When most people look at a big truck on the highway, they see a massive combination vehicle with a huge grill, protruding smoke stacks, eighteen wheels, and a lot of power. Automobile drivers look up into the cab and expect to see a big, burly guy looking back through the mirrors. While these perceptions might have been true in the past, things are rapidly changing … in a positive way.
To begin, more women are entering the industry as professional drivers. While women currently comprise about seven percent of the driver population, that number is growing quickly. Women are learning that the old image of a dirty, physically demanding job is no longer true.
Technology within the trucking industry has progressed at a dizzying pace. Visiting a truck show is no longer just kicking tires and looking at chrome and steel. Now, the technology companies are outpacing the traditional manufacturers at industry events.
As the industry adopts more technology, it allows the driver to enjoy a career that’s less physical and more skilled, which in turn attracts more women.
Twenty years ago, a driver might kiss his wife and children goodbye and spend two to six weeks on the road, with very little communication in between. Now, a driver might be away from home but can stay connected virtually from anywhere on a 24/7 basis. Cell phones with “FaceTime,” tablets and laptops with Skype, Google Hangouts, and other video conference abilities allow a driver to see and hear his or her family and friends in real time. When asked to name a favorite technology device, drivers on the WIT Facebook page overwhelmingly mentioned their smartphones for checking on customer addresses and looking at the facilities with Google Maps, finding parking spots, weather and road conditions, traffic patterns and more.
From the carrier perspective, connection with the truck and driver is also immediate. Look inside a large terminal’s dispatch area and you’ll see large maps with tiny dots indicating a power unit somewhere on the nation’s highways. Those silver domes on the cab of the truck are actually satellite receivers which track every mile of the more than three million tractor-trailers on the road at a time.
What about safety? Trucks are now equipped with collision warning devices, anti-lock brakes, stability control systems, and anti-rollover equipment. Trucks are much safer, both inside and outside of the cab.
A driver can sit in the cab and ensure a secure connection with the fifth wheel via video. He or she doesn’t have to crank the dollies, as a touch of a button will raise and lower the trailer legs. Snow chains apply themselves to the tires with a command from inside the truck. Drivers can even monitor the tire pressure without using a club to hit each wheel on the truck and trailer.
Fatigue systems include glasses that alert a driver if his or her head tilts forward and in the future, that could come from a sensor in the cab that sounds an alarm when a driver’s eyes shut for too long.
Comfort in the cab has advanced a great deal since the days of the wild cat haulers. Women especially look for “creature comforts” to make the truck feel more like home. Better positioning for appliances such as microwaves, refrigerators, and even portable toilets, allow the driver more storage and a better-designed living space.
The ergonomics in the front of the cab has been a focus for the truck manufacturers at the prodding of the Women In Trucking Association. More adaptability is the key, as many women drive in a team configuration with a husband or boyfriend.
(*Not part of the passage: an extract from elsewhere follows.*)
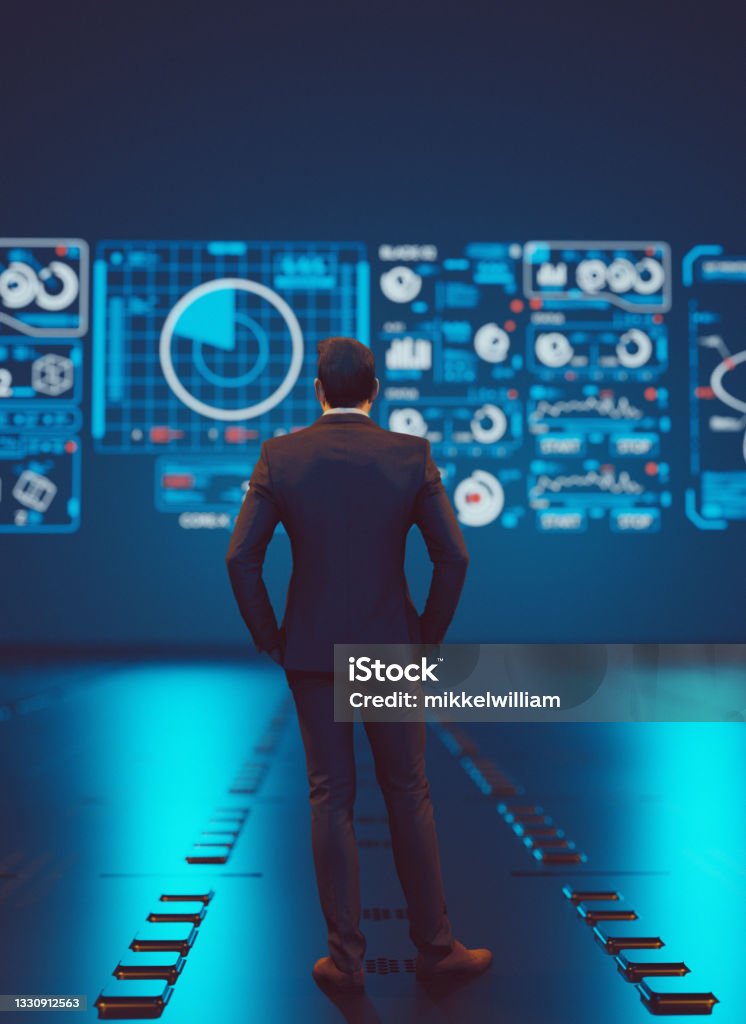 Wathcing big data analysis on hologram screen with symbols Man stands in front of a big hologram screen which has different symbols. He is analyzing data. Concept of data analysis and data complexity. Big Data Stock Photo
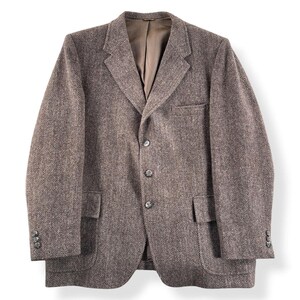 May include: A brown tweed blazer with a herringbone pattern. The jacket has a notched lapel, three buttons, and two front pockets. The sleeves have three buttons. The blazer is a classic style.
From seat positioning to the slope of the dash, trucks are getting a makeover. A typically shorter woman has a harder time seeing over the dash without losing touch with the pedals. Also, the slope of the hood can create a barrier for visibility in front of the truck. The console can reduce visibility to the passenger side mirrors, which is what a driver relies on to see the opposite side of the truck.
Women’s typically shorter arms and legs require an easier to reach dashboard so knobs and switches can be accessible. Seats need to accommodate a woman’s shorter leg length and wider hips. Seat belt comfort has been an issue for female drivers, as women are designed differently than men and a webbed belt rubbing across anyone’s chest for ten to eleven hours can be uncomfortable, but often more so for women.
Many four-wheeler drivers might not realize that most trucks are now being built with automated transmissions. The days of double clutching and synchronized shifting are fading away. This isn’t something women have needed or requested instead it’s a reflection of the need to attract millennials, who typically learned to drive with an automated transmission and wouldn’t know what to do with a stick shift in any vehicle!
A common misconception about trucks is that they pollute the air. Sure, there might still be some old vehicles on the road with a trail of smoke flowing from the stack, but those days are in the past as well.
Over the years, the allowance for emission standards has been reduced to nearly nothing. Newer trucks have EPA standards so stringent in some places that the air coming out of the truck is cleaner than what went in. The Obama administration has proposed rules to reduce truck emissions by 25 percent over the next decade.
Truck manufacturers have adopted European technology that uses a product called DEF, or Diesel Exhaust Fluid, which is a mixture of urea and deionized water injected into the exhaust stream to reduce harmful NOx emissions. Drivers must purchase this liquid and refill their truck tanks at truck stops.
Drivers sleep in the cab of the truck, but anti-idling laws force the driver to turn the truck off, despite hot or cold outside temperatures. Carriers install auxiliary power units (APUs) that heat and cool the cab of the truck when the engine is turned off.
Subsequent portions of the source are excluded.